First of all, you have to understand the meaning of the Quebec legislation. I was very closely involved in that process. The objective of that piece of legislation is to regulate all of end-of-life care. That legislation does not come under criminal law, but under health. It covers all end-of-life care practices, including palliative care, physician-assisted death, advance medical directives, and so on. The legislation's objective is slightly different from that of the bill we are debating.
Before us is a bill that aims to amend the Criminal Code in the context of physician-assisted death, which was more broadly defined by the Supreme Court than by the Quebec legislation. In terms of equivalence, this bill is not the federal counterpart to the Quebec legislation—that much is clear. The Quebec act has a more restrictive objective.

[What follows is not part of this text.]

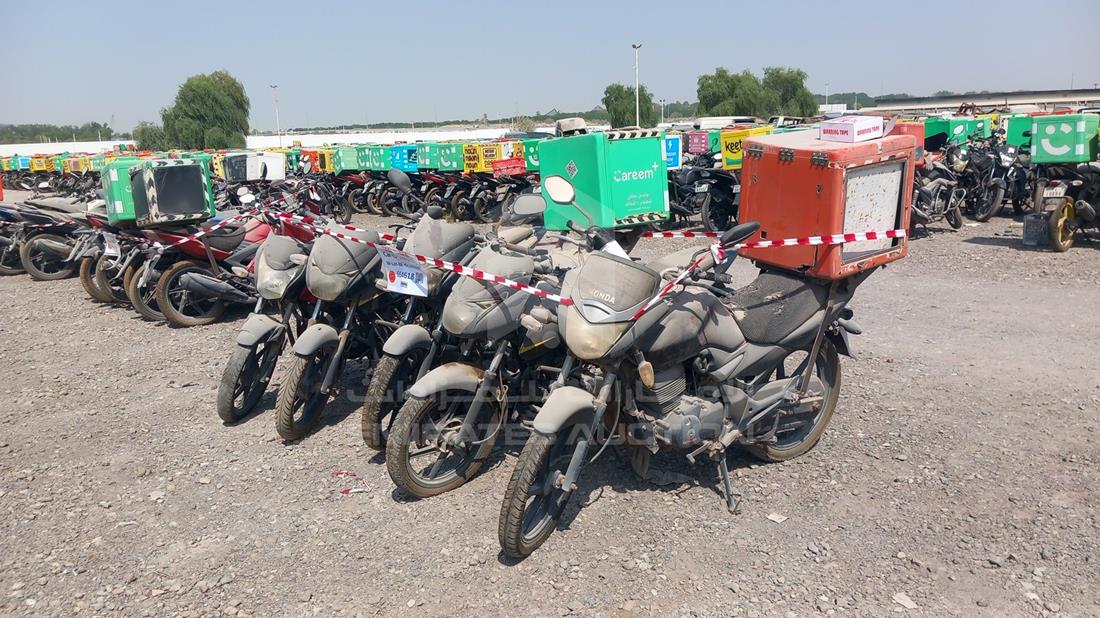 5 Motorbikes — Front Left Angle — Photo 4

Furthermore—and I'm saying this with all due respect for the federal legislator—many measures found in Bill C-14 are cut and pasted from the Quebec legislation in certain aspects. That's adequate, as that piece of legislation was not misguided, either. However, the issue you are raising seems relevant to me. To the extent possible, we have to avoid regime duality and Quebec citizens having to deal with two legal standards regulating their decisions once the legislation has been adopted.
If someone wants to have access to assisted suicide, it's impossible under the provincial standard, but it could be possible under the federal legislation. The procedure is slightly different. It is probably important to hold back a bit by stating that the Government of Canada can exempt a province from certain formalities or give it some flexibility when it comes to specific aspects of the legislation. However, in terms of the substance, it cannot go too far, as the intention must be compatible with the Supreme Court's decision, as well as with section 7 of the Canadian Charter of Rights and Freedoms and the rules we are currently establishing in committee.